Charities that don't follow auditors' recommendations could be reported to regulators

Consultation proposes additions to list of matters of material significance that can be reported to the Charity Commission and other charity regulators

Charities that fail to follow recommendations in auditors’ management letters could be reported to the UK charity regulators, a new consultation has proposed.

The Charity Commission, the Office of the Scottish Charity Regulator and the Charity Commission for Northern Ireland have launched a consultation on three new additions to the list of matters of material significance, which covers the issues auditors are obliged to report to the relevant charity regulator.
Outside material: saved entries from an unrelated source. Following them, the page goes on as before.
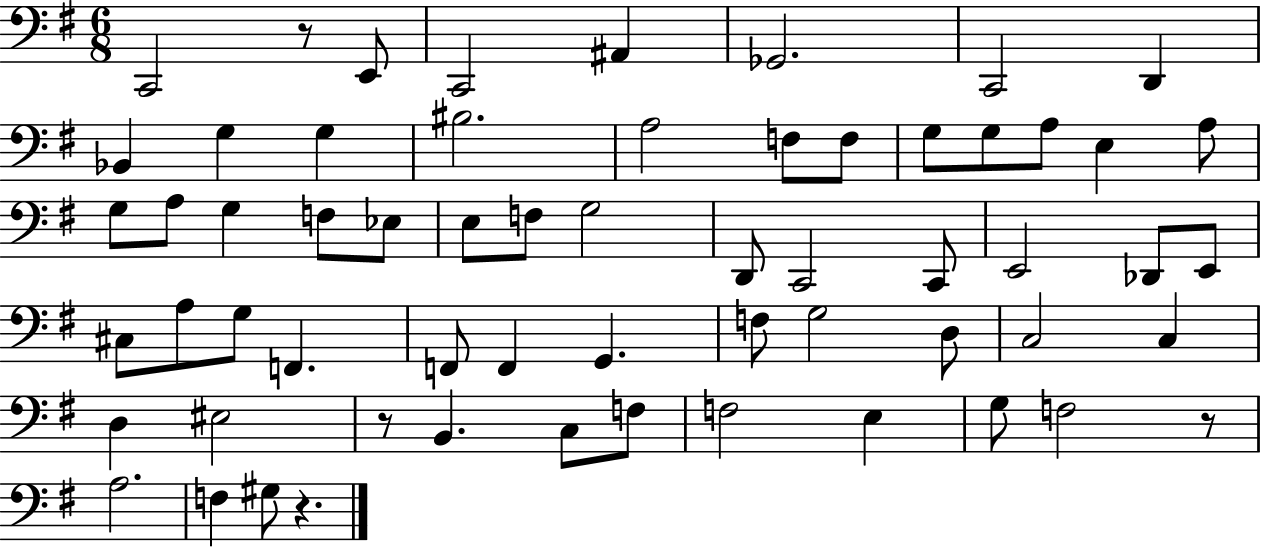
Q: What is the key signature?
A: G major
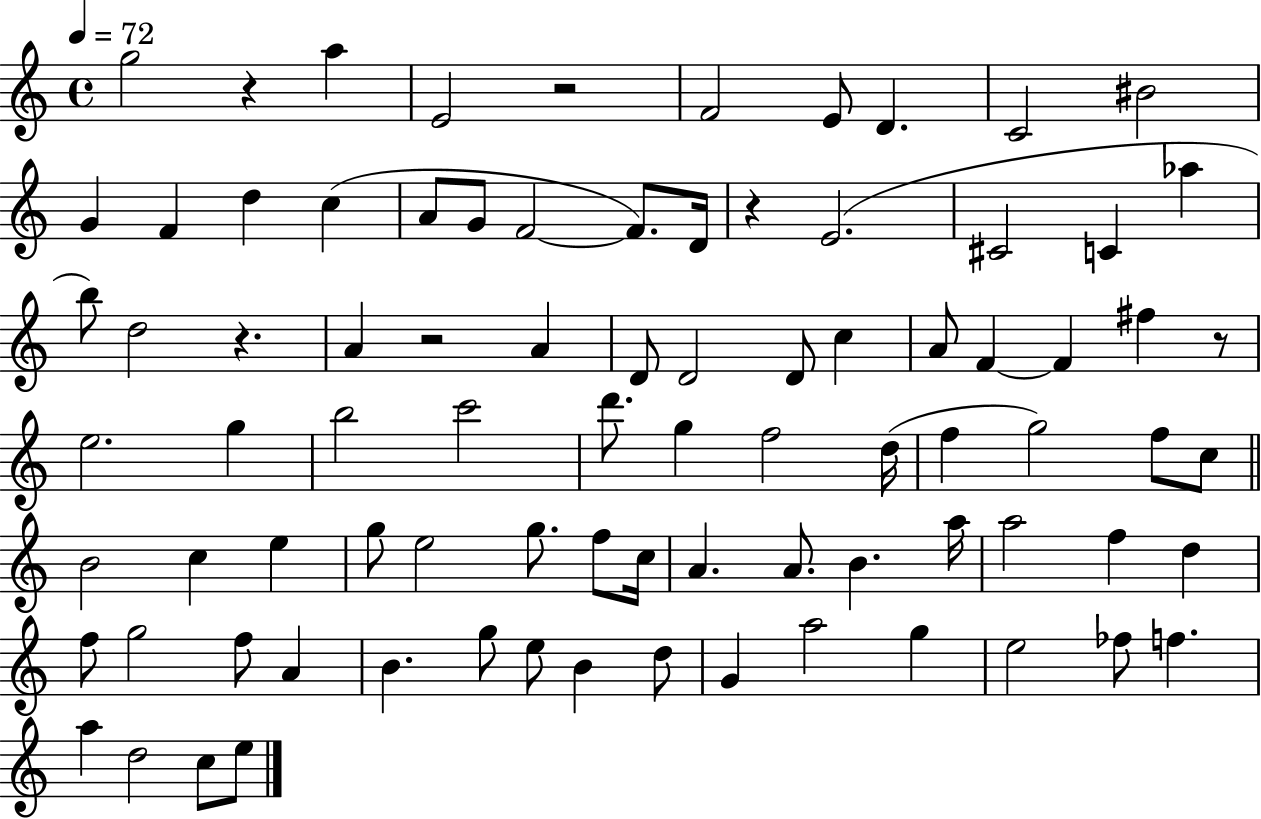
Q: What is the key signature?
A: C major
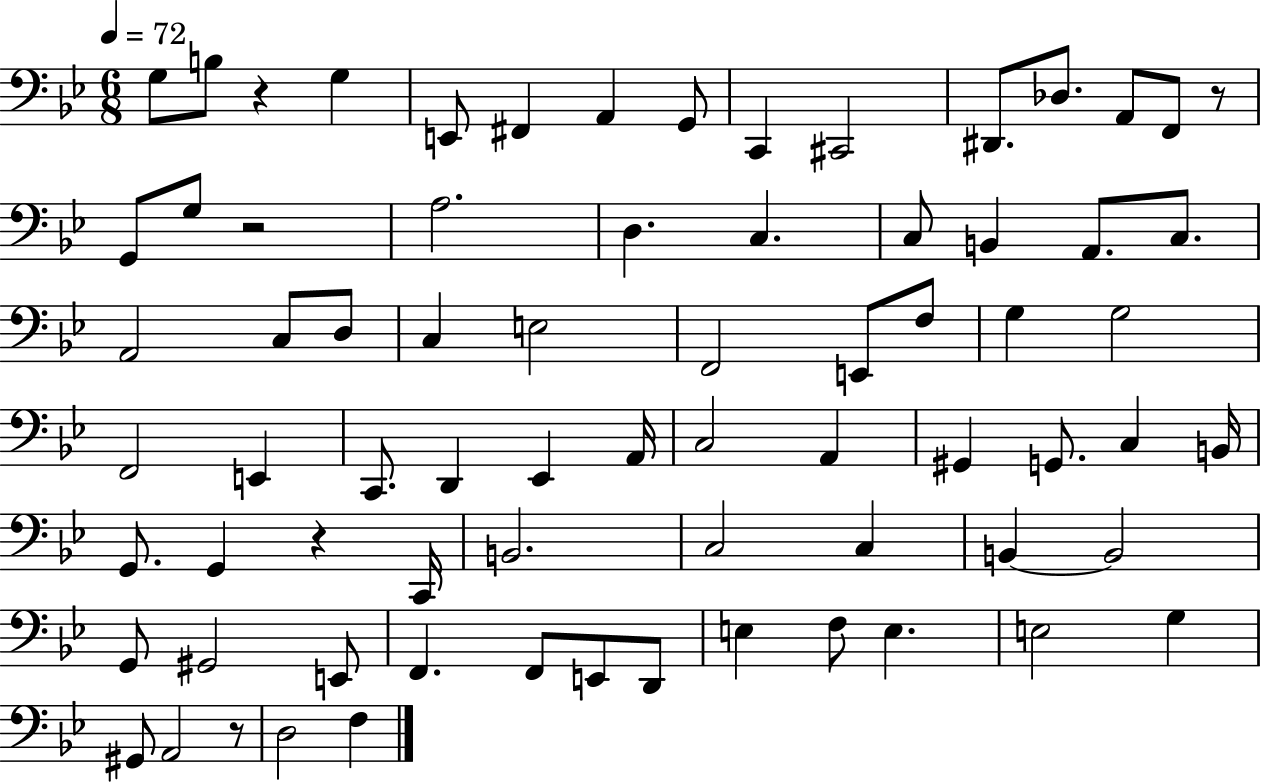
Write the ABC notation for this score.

X:1
T:Untitled
M:6/8
L:1/4
K:Bb
G,/2 B,/2 z G, E,,/2 ^F,, A,, G,,/2 C,, ^C,,2 ^D,,/2 _D,/2 A,,/2 F,,/2 z/2 G,,/2 G,/2 z2 A,2 D, C, C,/2 B,, A,,/2 C,/2 A,,2 C,/2 D,/2 C, E,2 F,,2 E,,/2 F,/2 G, G,2 F,,2 E,, C,,/2 D,, _E,, A,,/4 C,2 A,, ^G,, G,,/2 C, B,,/4 G,,/2 G,, z C,,/4 B,,2 C,2 C, B,, B,,2 G,,/2 ^G,,2 E,,/2 F,, F,,/2 E,,/2 D,,/2 E, F,/2 E, E,2 G, ^G,,/2 A,,2 z/2 D,2 F,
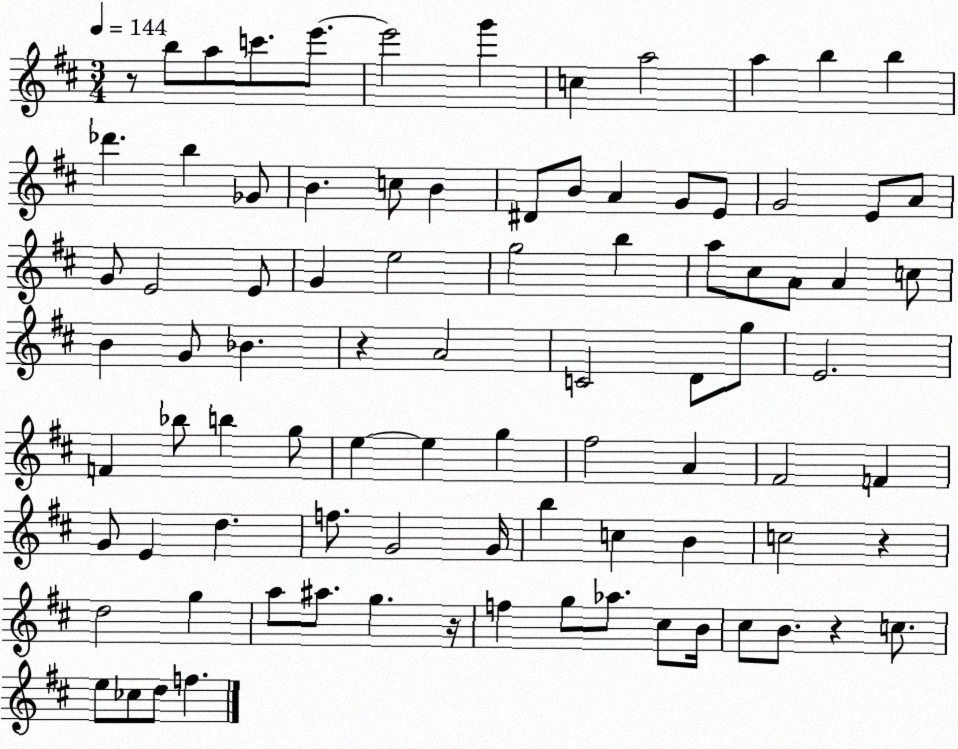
X:1
T:Untitled
M:3/4
L:1/4
K:D
z/2 b/2 a/2 c'/2 e'/2 e'2 g' c a2 a b b _d' b _G/2 B c/2 B ^D/2 B/2 A G/2 E/2 G2 E/2 A/2 G/2 E2 E/2 G e2 g2 b a/2 ^c/2 A/2 A c/2 B G/2 _B z A2 C2 D/2 g/2 E2 F _b/2 b g/2 e e g ^f2 A ^F2 F G/2 E d f/2 G2 G/4 b c B c2 z d2 g a/2 ^a/2 g z/4 f g/2 _a/2 ^c/2 B/4 ^c/2 B/2 z c/2 e/2 _c/2 d/2 f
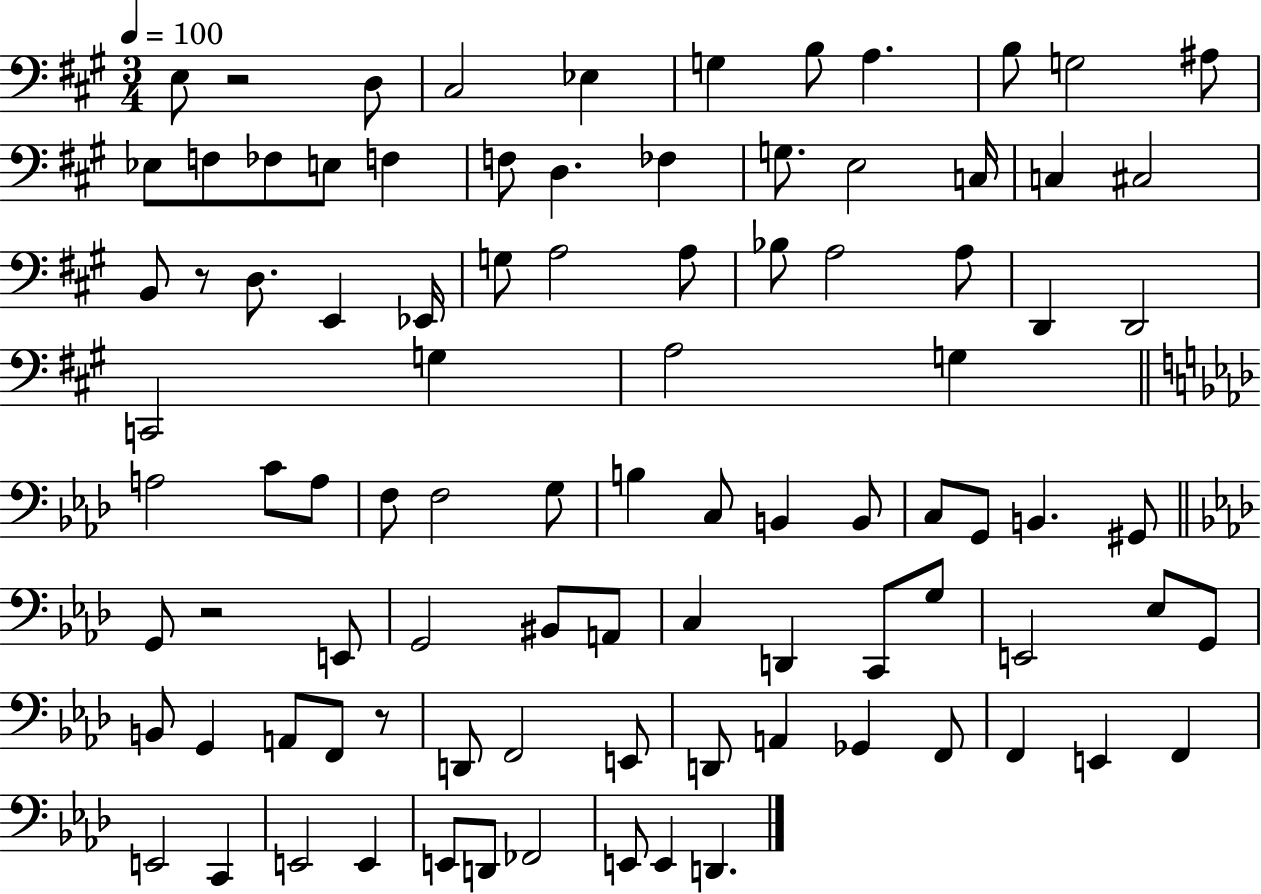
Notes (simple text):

E3/e R/h D3/e C#3/h Eb3/q G3/q B3/e A3/q. B3/e G3/h A#3/e Eb3/e F3/e FES3/e E3/e F3/q F3/e D3/q. FES3/q G3/e. E3/h C3/s C3/q C#3/h B2/e R/e D3/e. E2/q Eb2/s G3/e A3/h A3/e Bb3/e A3/h A3/e D2/q D2/h C2/h G3/q A3/h G3/q A3/h C4/e A3/e F3/e F3/h G3/e B3/q C3/e B2/q B2/e C3/e G2/e B2/q. G#2/e G2/e R/h E2/e G2/h BIS2/e A2/e C3/q D2/q C2/e G3/e E2/h Eb3/e G2/e B2/e G2/q A2/e F2/e R/e D2/e F2/h E2/e D2/e A2/q Gb2/q F2/e F2/q E2/q F2/q E2/h C2/q E2/h E2/q E2/e D2/e FES2/h E2/e E2/q D2/q.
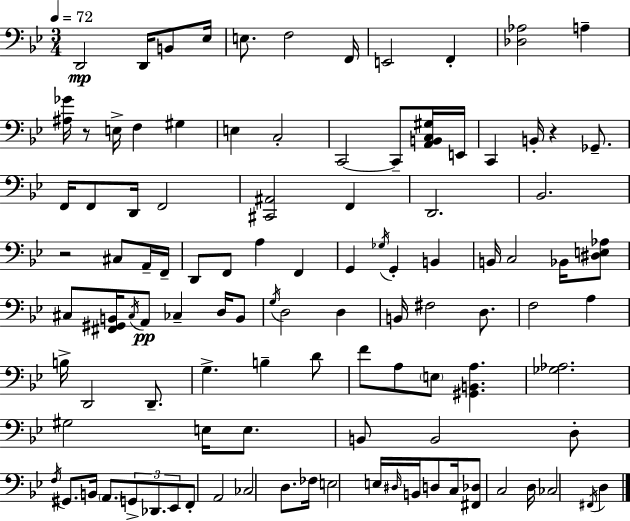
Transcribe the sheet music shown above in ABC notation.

X:1
T:Untitled
M:3/4
L:1/4
K:Bb
D,,2 D,,/4 B,,/2 _E,/4 E,/2 F,2 F,,/4 E,,2 F,, [_D,_A,]2 A, [^A,_G]/4 z/2 E,/4 F, ^G, E, C,2 C,,2 C,,/2 [A,,B,,C,^G,]/4 E,,/4 C,, B,,/4 z _G,,/2 F,,/4 F,,/2 D,,/4 F,,2 [^C,,^A,,]2 F,, D,,2 _B,,2 z2 ^C,/2 A,,/4 F,,/4 D,,/2 F,,/2 A, F,, G,, _G,/4 G,, B,, B,,/4 C,2 _B,,/4 [^D,E,_A,]/2 ^C,/2 [^F,,^G,,B,,]/4 ^C,/4 A,,/2 _C, D,/4 B,,/2 G,/4 D,2 D, B,,/4 ^F,2 D,/2 F,2 A, B,/4 D,,2 D,,/2 G, B, D/2 F/2 A,/2 E,/2 [^G,,B,,A,] [_G,_A,]2 ^G,2 E,/4 E,/2 B,,/2 B,,2 D,/2 F,/4 ^G,,/2 B,,/4 A,,/2 G,,/2 _D,,/2 _E,,/2 F,,/2 A,,2 _C,2 D,/2 _F,/4 E,2 E,/4 ^D,/4 B,,/4 D,/2 C,/4 [^F,,_D,]/2 C,2 D,/4 _C,2 ^F,,/4 D,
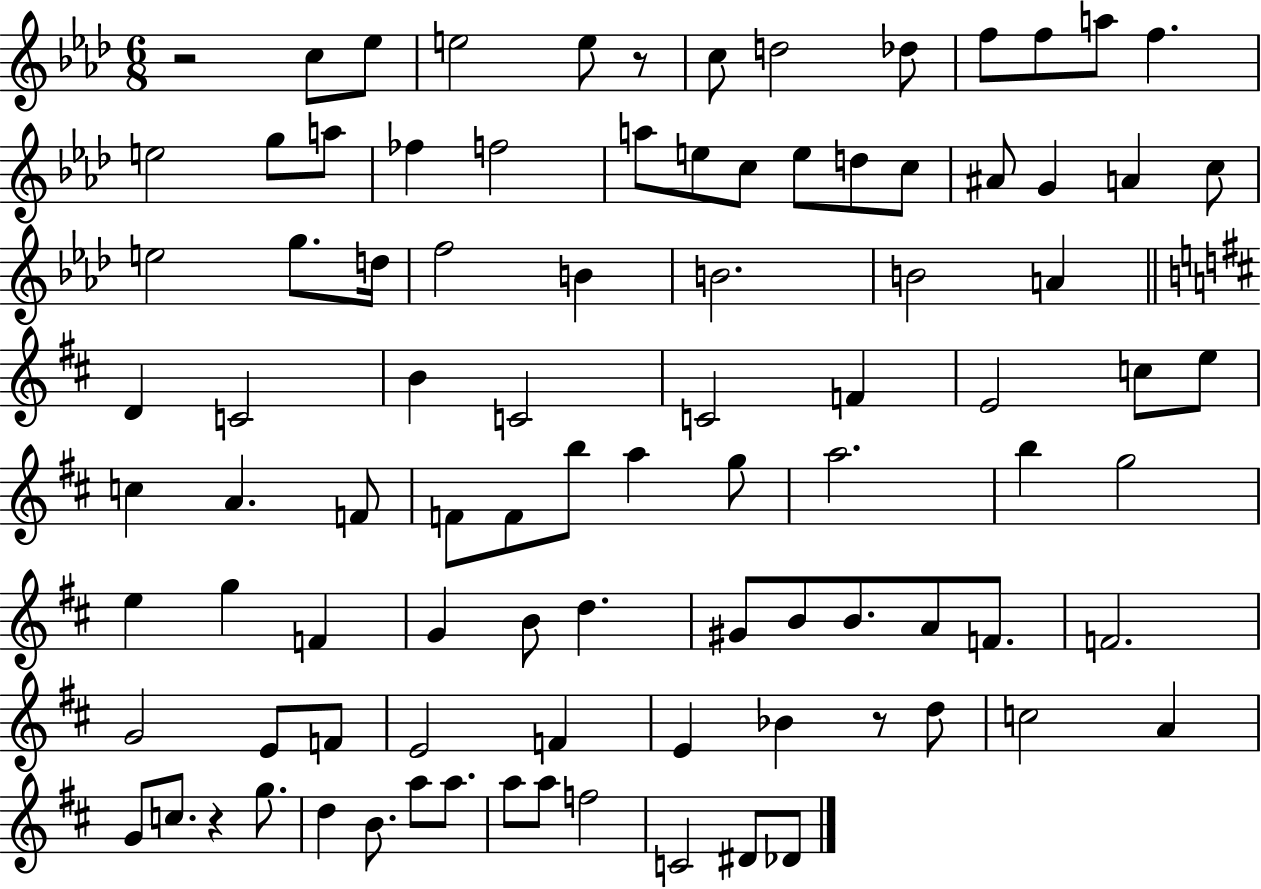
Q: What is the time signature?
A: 6/8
There are currently eight matters of material significance that have to be reported to the regulator, including evidence of dishonesty or fraud, loss of funds, money laundering, and criminal activity and terrorism.

The new consultation proposes three new matters of material significance and removes one existing matter.

Among the new additions is a proposal to report "evidence that, without reasonable cause, trustees have not taken action on matters identified by the auditor or examiner in their scrutiny of accounts for a previous year".

This covers instances in which management letters, which often highlight areas of weakness in financial controls or governance, are issued by auditors and trustees fail to act upon their recommendations.

The proposal comes in the wake of a report by the Public Administration and Constitutional Affairs Committee on the collapse of Kids Company, which recommended issuing clearer guidance on when auditors should report concerns about a charity’s finances to the commission.

The new consultation also suggests ensuring issues identified in an audit or examiner’s report are separately highlighted to the regulator so timely action can be taken.

Reporting evidence that conflicts of interest have not been managed by the trustees in accordance with charity regulator guidance and/or if related party transactions have not been fully disclosed according to the Statement of Recommended Practice are also included in the consultation.

A previous requirement to report any notification or matter reported to the trustees on resigning as independent examiner or auditor has been removed, with the consultation explaining that this rule was misinterpreted and auditors and examiners were simply telling the commission they had ceased to work for a charity.

Nigel Davies, head of accountancy services at the Charity Commission, said: "With the recent debate about auditors’ reporting duties in the light of the report by the PACAC on the collapse of Kids Company, this consultation provides an opportunity to explore what extra areas of reporting are necessary to assist in our taking timely regulatory action and to help underpin public trust and confidence."

Andrew O’Brien, head of policy and engagement at the Charity Finance Group, said greater clarity on how the commission would use greater reporting was needed.

"Changing the wording needs to go alongside greater clarity from the Charity Commission about the kind of issues that mark out charities as being regulatory risks," he said.

"There is also a danger, given the significant cuts in the commission’s budget, that it will not be in a position to use and act upon the information it receives. It would be good for the commission to outline how it is going to use greater reporting to support its risk-based approach to regulation, so that all stakeholders understand the value of the changes."

The consultation runs until 11 September.